Chapel nourishes soul. The refectory nourishes body, and a library nourishes our mind, okay? And quite a little saying about a medieval commentator, he's not very well known, in the 12th century when monastic and scholastic theology were beginning to have attention with each other. And he was trying to explain to somebody the difference between monks and the new kind of theology, and he says, well, the monks pray and read. They pray and read, two things. The scholastics simply read. They don't pray. It wasn't a very kind comment. And I was at a conference one time with some theologians. I said, nowadays, they neither pray nor read. They just go to conferences. Maybe that's not very kind either. All right.

[13:50]

I want to underscore that Benedictine monastic life draws us to two wells. to wisdom and love. And that's pointed to in chapter 73, the last chapter of the Holy Will.
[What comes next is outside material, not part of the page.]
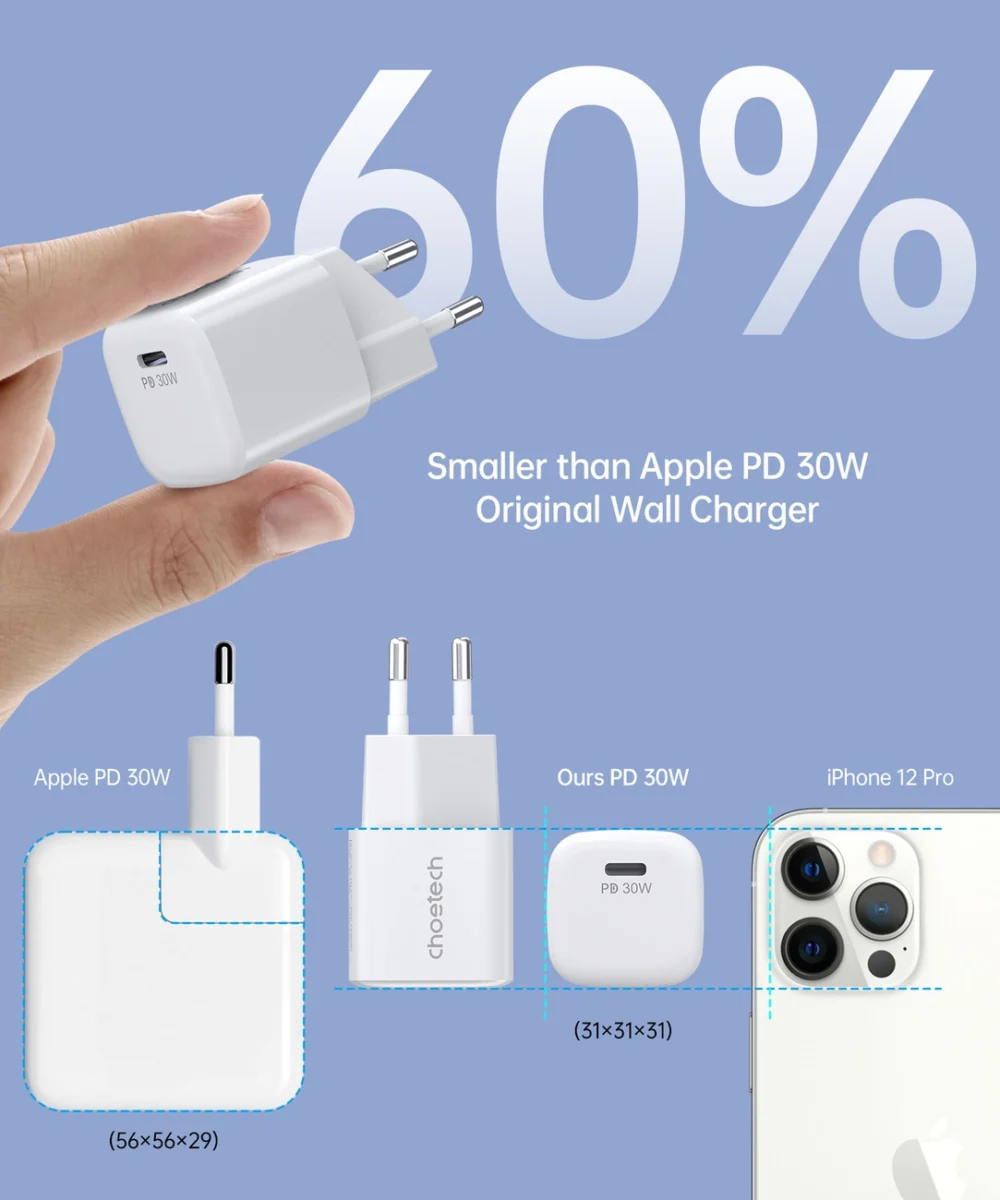 Choetech PD5007 USB-C PD 30W GaN wall charger - whiteeng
This little rule for beginners, at last we'll reach the summits of wisdom and virtue. Now it doesn't say love, but Placide Desai sort of pulls that question of virtue apart. And he said, virtue, and I think he's probably reading a Greek translation of the rule, is dynamis, which means power, and virtue means power. And he says, the dynamis, the dynamis, the real dynamis is love. Love is the energy. So you could read that as the two wells being wisdom and love. Keep those two wells in mind, because I'm going to conclude with it tomorrow. I think that's important because, you know, the Buddhists say that enlightenment is wisdom and love, particularly the Tibetans talked about wisdom and love, and the transformation, enlightenment process, as they called it, the inner marriage of wisdom and love.

[15:07]

I'm going to talk about that in the conclusion tomorrow. So Placide Desai says that the little coda at the end of chapter 7 points to the prologue as we run away of the commandments our hearts expand with unstealable love and to chapter 73 of growing into deep wisdom and deep love. Tomorrow's conference I'm going to talk about the monk in the world, or monasticism in the world, and how the Holy Spirit fits into all of that. And I'd also like to have some discussion tomorrow, so I encourage you to think over tonight some possible discussion questions, reflections that you may have. I didn't get a bibliography together for you, but I'd like to eventually send you a bibliography. I don't know how soon I'll be able to get to it, but sometime within the next month or so, maybe I'll get to it.

[16:09]

And finally, I'd like to end with a poem by a sister from the College of St. Catherine, where I went to school. About the energy of the Holy Spirit and the freedom, you know, I said that 2 Corinthians 3.18 is sort of the key passage in the New Testament for me about transformation. Now, where the Spirit of the Lord is, there is freedom. And we, with unveiled faces, are transformed from glory to glory. This poem is titled, When the Spirit Next. When the spirit next embrace me, catch me, bones and all, in her wild wing, I'll ride out bolder, older, in her half-mask, her universal love of love, her pinpoint stars, how free, how utter dark, her wheeling, light, how nearly laughing, unashamed. a little bit like E.E. Cummings, you know. But it's that freeing energy of the Spirit and the energy that nudges us forward.

[17:14]

One of the prayers we had at liturgy this evening, you know, about, you know, the concern about the world and where the world's moving, and that's what we're going to talk about tomorrow morning. When the Spirit next embraced me, catch me, bones and all, in her wild wing, I'll write out, bolder, bolder, in her how vast universe of love, her pinpoint stars, how free, how utter dark, her reeling light, how nearly laughing, unashamed. So we'll have the last conference tomorrow and have some discussion after it.